Thinking about launching that genius startup? Go for it – but read this first
Words Lu Li
When you look at all the successful young entrepreneurs in London, it can seem that founding a startup is as easy as coming up with a good idea in your bedroom, pitching it to a few investors, and then finding the sunniest co-working space to plonk your MacBook Air.
The truth behind the media image, of course, is rarely that slick. I am a young(ish) entrepreneur, and you could say I’m doing pretty well in terms of success – I currently run Blooming Founders, the UK’s fastest growing network of entrepreneurial women, and will soon be opening Blooms, the UK’s first members club for high-achieving female leaders, which I am totally thrilled about – but my entrepreneurial journey hasn’t always been rosy. In fact, it’s been bloody tough to get here.
Just five years ago, I was a brand manager working for a behemoth in the beauty industry. I had a great lifestyle, but behind the scenes I was struggling with corporate limitations and political in-fighting. Having felt that I could do more with my skills for a while, I decided to quit my job (I’m Scorpio – when we’re done, we’re done.) After all, I went to a great business school and I knew how to launch things. What could possibly go wrong?
The answer is: A LOT.
It took me several years and three attempts to build an idea that would actually stick and turn into a profitable and sustainable business. So if you’re thinking about jacking in your job and finally launching that kid’s coding company, go for it – but you might want to glance through these lessons I learned first.
1. Doing what you love means you’ll need to work twice as hard
Spoiler alert: doing what you love is great, but it typically makes no money. If you do want to make a living (or even a killing) with doing what you love, then you have to put in the hours, days, months and years. You’ll need to build an audience that genuinely appreciates your work. You need to be relevant and stay relevant. Don’t buy into any coaching programme that promises you six figure incomes by following certain steps. Nothing replaces hard work.
2. Find a good product/founder fit
Different types of businesses have very different dynamics and demands, and not every business is right for you. My first two attempts taught me that I am really unfit for running service-based business and that I lose interest in businesses where my work gets too repetitive.
The dilemma here is that you don’t know what you don’t know, and you can only find out by doing it. Don’t try to be perfect. It’s very possible that you will find yourself with a broken business model or clients that drive you crazy. Once you do, pivot (startup speak for “change”) until you find product/founder fit.
3. Validate, validate, validate
It’s fun to envision how our ideas could help change the world, but real life validation counts more than a detailed strategy in the early stages of a company life.
You can use the Lean Canvas to map out your business plan, then go out and talk to your potential customers. Also talk to your potential competitors. Don’t hold back and think someone might steal your idea. Everyone is unique in the way they execute. Be open, humble and listen to the feedback you get. It is the only way to gauge whether you are on the right track or not.
4. Customers first, investors second
Raising investment is seen as a great achievement in the startup world and you might think that you need to raise money too, if you want to be a great entrepreneur.
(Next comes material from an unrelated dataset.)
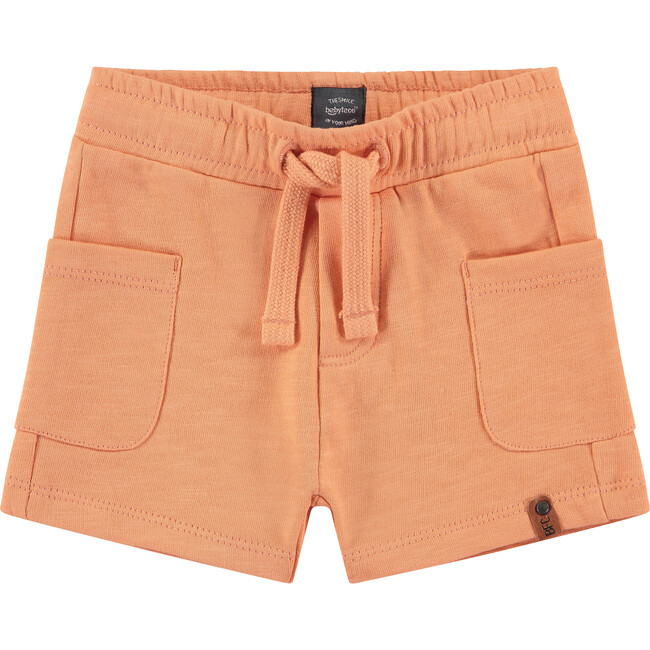 Sweatshorts with Side Pockets, Orange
Last time I checked, business success comes from customers and making revenue/profits. So when in doubt, spent more time in the early days of your company with your customers than courting potential investors. Once you’ve got customers and revenue, investors are much more likely to talk to you and you will be in a better negotiation position.
5. Build your network and ask for help
You might think that you are superwoman (and you probably are!), but the reality is: no one can do this startup thing alone. If you are not part of a tribe of like-minded people who can relate to your problems, then the journey can be very tough and very lonely.
That is the sole reason why I started Blooming Founders. Too many women try to do things on their own (myself included) and we don’t utilise the power of networks. Don’t feel bad about reaching out and asking for help. (Men never do.)
6. Build a good team
Having a good team is crucial for your growth, but you need to invest time to find the right people. Getting free help in the beginning is great, but be aware that you will need to pay for quality (and reliable) work at some point. The more you know what role you are looking for, the easier the recruiting becomes. Being specific helps.
Trust, shared values and effort are more important than anything else. Don’t work with negative people, people who don’t deliver (always measure contributions) or people who disrespect you, even when they have the greatest CV or are not asking for payment. It will come at a cost to your business.
Having a co-founder who you know well and who has complementary skills trumps everything. I wasn’t quite as lucky, but maybe you are!
7. Be yourself and listen to yourself
Everything you put into your business will be an extension of yourself, your strengths and your values. Be acutely aware of who you are because that will differentiate your work in the market. Don’t worry too much about competition. Follow them, but don’t copy them. Nurture your own vision and insights and skills.
Always listen to your body when the going gets tough. Get enough sleep, eat nutritious food, see your family and friends. Do whatever you need to do to balance out the stress you encounter at work. You are the most important person in the whole puzzle!